Where is Top Talent?

As I talked about in “You should be paying attention to North Carolina:

There are certain stories and trends that the national media routinely misses because it’s so hyperfocused on what’s happening in the big coastal metros. This isn’t an “elite mainstream media” criticism – it’s just a function of where their readership is concentrated and where most of their reporters and correspondents are based. North Carolina’s evolution is one of these stories.

The economic primacy of NYC or SF win them not only outsized media attention, but as a result, they happen to be where a lot of the Serious Thinkers who weigh in on topics like these live. Whether executives, politicians, academics or investors, this group of chatterati is heavily concentrated in perhaps 5 giant coastal mega-metros, and deeply invested in a variety of narratives about these cities’ outsized success in the last 10-20 years.

This is one reason why you hear so much less about the success narratives outside of them. Some of my personal favorite examples of this are the “Texas Miracle,” Utah’s emergence as a heavyweight in enterprise cloud software, or the Upper South’s tremendous growth (if Virginia, the Carolinas and Georgia were a state, we’d be about the size of California, and growing a lot faster). These narratives of whole regions get a fraction of the media attention of Apple’s new headquarters construction, giving the idea that they’re of equal importance. They are not.

For pundits and journalists living in a mega-metro, these places are mostly destinations and subjects for story pitches that are crafted to fit an archetype for mass audience consumption. When was the last time you read a major media story about Austin without mentioning South by Southwest and barbecue? (Before the recent bombing tragedy, that is – though even many of those found a way to work in barbecue anyway.)

The hypergrowth and concentration of Silicon Valley has caused many to forget that specialized talent, both technical, managerial and otherwise, is in much larger supply across the country (and world) than the media narrative suggests. North Carolina presents numerous such examples: IBM, Red Hat, SAS (my company) have all very successfully built global enterprises for decades, both by recruiting local talent and importing others. Down the road in Charlotte, they have more people working in financial services than anywhere outside of New York, and are steadily siphoning more of them away every year.

Of course, this doesn’t mean that Podunk, Nowheresville is as good a place for a tech firm to set up shop as Menlo Park.

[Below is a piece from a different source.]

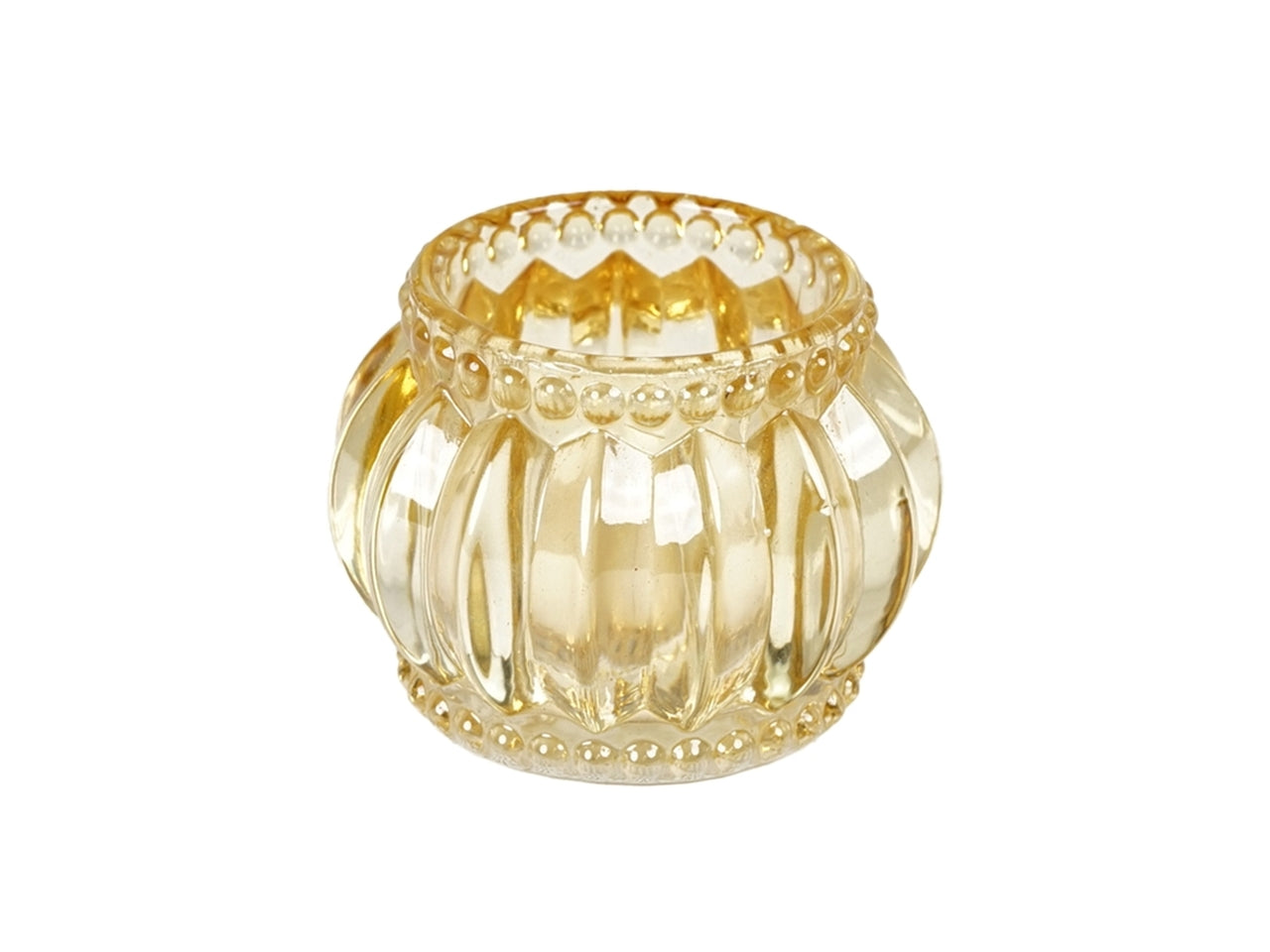 Porta tealight classico in vetro giallo traslucido con decorazione a rilievo - 6x5 cm per tealight 3,8 cm - Plà thea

There’s probably a requisite population size that makes sense, and certain institutions that stabilize a thriving area and help build a pipeline of new talent: good government, high-quality schools and universities, affordable housing, amenities that appeal to people who have many different professional options. But these prerequisites actually qualify a lot of metro regions in the country – and many/most mega-metros compare pretty poorly.

As John Updike once said, “The true New Yorker secretly believes that people living anywhere else have to be, in some sense, kidding.” The same is true of many pundits who simply don’t understand how companies who don’t have their headquarters in NYC or SF or DC or Boston are able to function. And this is also because most of them have a very specific idea of who that “top talent” is, and what they look like.

Who is Top Talent?

If a highly talented candidate were to shake your hand and show you a resume, could you accurately identify him/her as talented?

I’ll stop you before you respond – the answer is no, you could not. Volumes of psychology research bear out that almost no one is able to accurately identify highly competent/less competent people as such. Resumes, educational credentials, even interviews have been demonstrated time and time again to all be very poor indicators of job performance. A very small number of companies have moved away from these candidate selection practices, but they nevertheless remain the standard procedure for most.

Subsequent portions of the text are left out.